In India`s rural communities, clean burning cookstoves can provide a safer way for millions of people who live off the electricity grid to cook meals without emitting harmful smoke into their homes. The Global Alliance for Clean Cookstoves has extended an invitation to the Indian government, as a leader on this issue, to be a leading national implementing partner in scaling up the market for clean cookstoves and fuels.

India`s leadership on sustainable energy is crucial because developing countries around the world want to replicate India`s success. India is now developing ways to bypass the plight of many developed countries, which rely excessively on a fossil fuel-based energy infrastructure. It also helps India fulfill its obligations to future generations for clean, sustainable energy sources.
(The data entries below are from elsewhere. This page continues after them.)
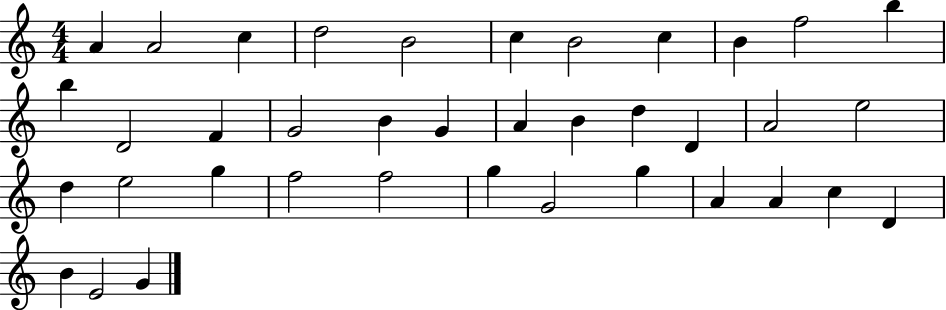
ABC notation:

X:1
T:Untitled
M:4/4
L:1/4
K:C
A A2 c d2 B2 c B2 c B f2 b b D2 F G2 B G A B d D A2 e2 d e2 g f2 f2 g G2 g A A c D B E2 G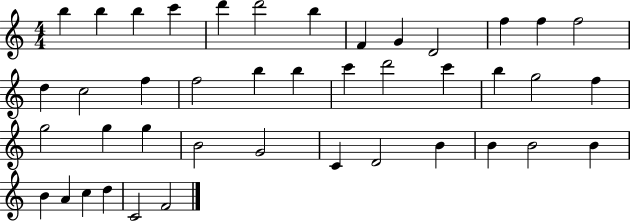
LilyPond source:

{
  \clef treble
  \numericTimeSignature
  \time 4/4
  \key c \major
  b''4 b''4 b''4 c'''4 | d'''4 d'''2 b''4 | f'4 g'4 d'2 | f''4 f''4 f''2 | \break d''4 c''2 f''4 | f''2 b''4 b''4 | c'''4 d'''2 c'''4 | b''4 g''2 f''4 | \break g''2 g''4 g''4 | b'2 g'2 | c'4 d'2 b'4 | b'4 b'2 b'4 | \break b'4 a'4 c''4 d''4 | c'2 f'2 | \bar "|."
}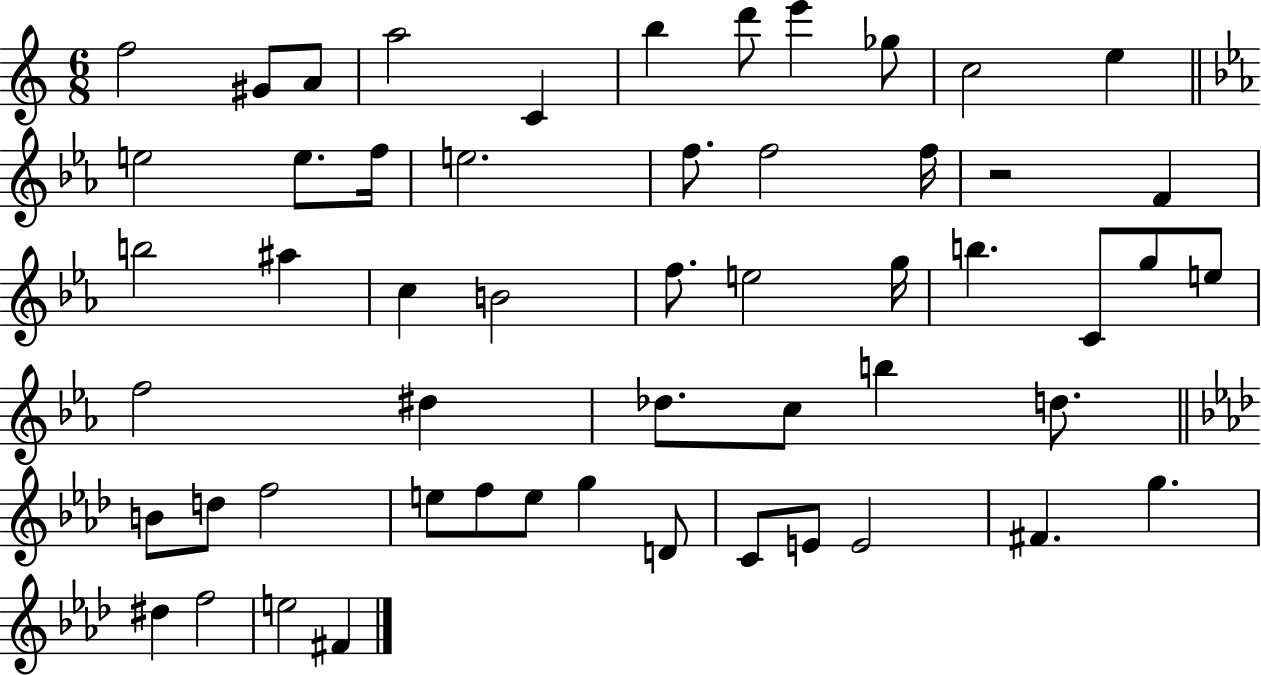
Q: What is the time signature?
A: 6/8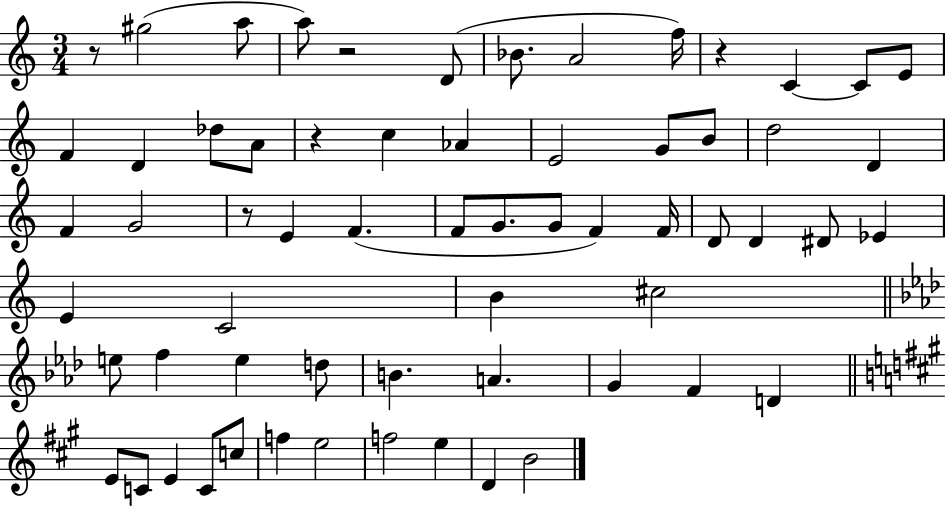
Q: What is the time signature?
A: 3/4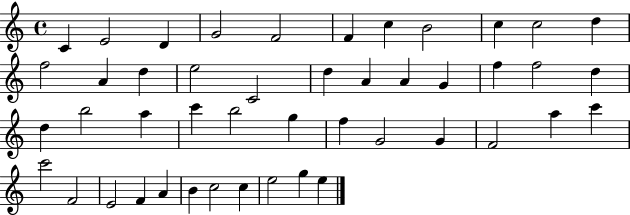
C4/q E4/h D4/q G4/h F4/h F4/q C5/q B4/h C5/q C5/h D5/q F5/h A4/q D5/q E5/h C4/h D5/q A4/q A4/q G4/q F5/q F5/h D5/q D5/q B5/h A5/q C6/q B5/h G5/q F5/q G4/h G4/q F4/h A5/q C6/q C6/h F4/h E4/h F4/q A4/q B4/q C5/h C5/q E5/h G5/q E5/q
India will have the opportunity to showcase its progress to the world in June when delegates from around the world gather in Rio de Janeiro for the United Nations Conference on Sustainable Development.  As governments and civil society groups gather to talk about the future we all want, there are lessons to be learned from India`s approach to development and innovation.

To be sure, India`s embrace of sustainable development will take decades to realize. The size and scale of its challenges are enormous. But India doesn`t accept these challenges as intractable, and neither should the world. There is impressive evidence that India can achieve both economic development and sustainability at the same time. That`s good news for India and good news for the world.

-- Murthy is an industrialist and Turner is a media entrepreneur and philanthropist. This opinion piece first ran in the Times of India.